It's not amalgam's fault

By Helaine Smith, DMD, MBA

November 12, 2009 -- Editor's note: Helaine Smith's column, The Mouth Physician, appears regularly on the advice and opinion page, Second Opinion.

The debate over amalgam use in our profession continues, as seen by the responses to my last blog posting and recent letters to the ADA News discussing the issue. I clearly stated in my last posting that I do not feel amalgams pose a health threat to us, but I am still mystified as to why we as dentists cling to this material.

The energy amalgam proponents spend on defending amalgam would be better spent demanding that newer materials be developed to restore severely decayed teeth. Large composite buildups are not indicated; it was dentists who did not understand the limitations of composites and used them for the same clinical situations that an amalgam would be used.

The best talking point I've heard mentioned is that clinicians can get away with doing sloppy dentistry with amalgam because it works despite improper isolation, prep design, and improper occlusion. It is successful even in the hands of the most unskilled operator. A second-year dental student can do an above-average amalgam, and in some states assistants place and carve amalgams.

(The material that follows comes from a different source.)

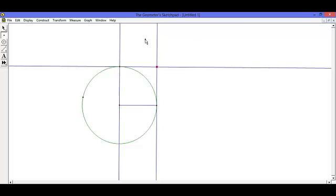You are now left with a square. Thank you for listening, and I hope you can now construct a square on Geometer's Sketchpad.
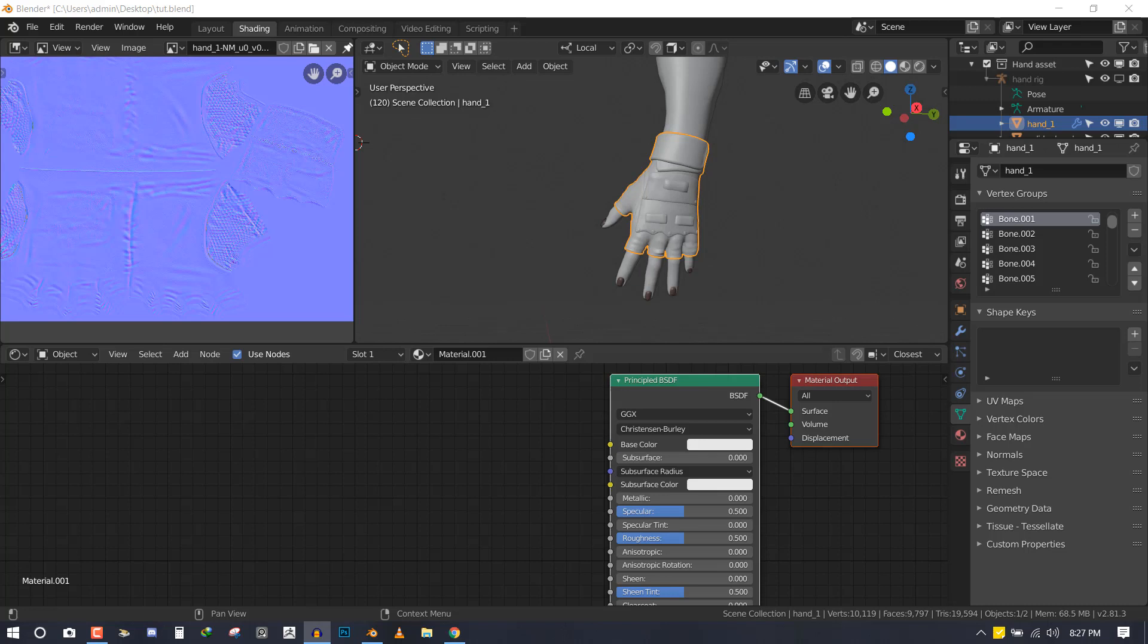Hello and welcome to another Blender tutorial brought to you by Lewis Art. My name is Emanuel Careful, and today I'll be showing you guys how you can set up your bump and normal map inside Blender 2.8.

It takes years to feel comfortable with the proper handling of composites, and knowing the chemistry and science of the resin is essential. Most dentists do not invest the time to learn adhesive dentistry properly, and many of the new dentists cut corners to save time and rush through the procedure.

In additional, the dental companies pushed 7th generation bonding materials, and many dentists jumped on board because they did not know what they did not know. There are just too many chemicals in one bottle that most likely was not shaken before the drop was dispensed, resulting in low- to no-bond strength. Of course there will be leakage and recurrent decay.

If composites are placed properly and their indications are not abused, they are a superior treatment. It is time we stop blaming the materials and look at ourselves and our abilities to treatment plan and make the proper material selection. When was the last time you took a hands-on, full-day composite course or an onlay course?

As mouth physicians, we owe it to our patients and our profession to provide the best dentistry we can.

The comments and observations expressed herein do not necessarily reflect the opinions of, nor should they be construed as an endorsement or admonishment of any particular idea, vendor, or organization.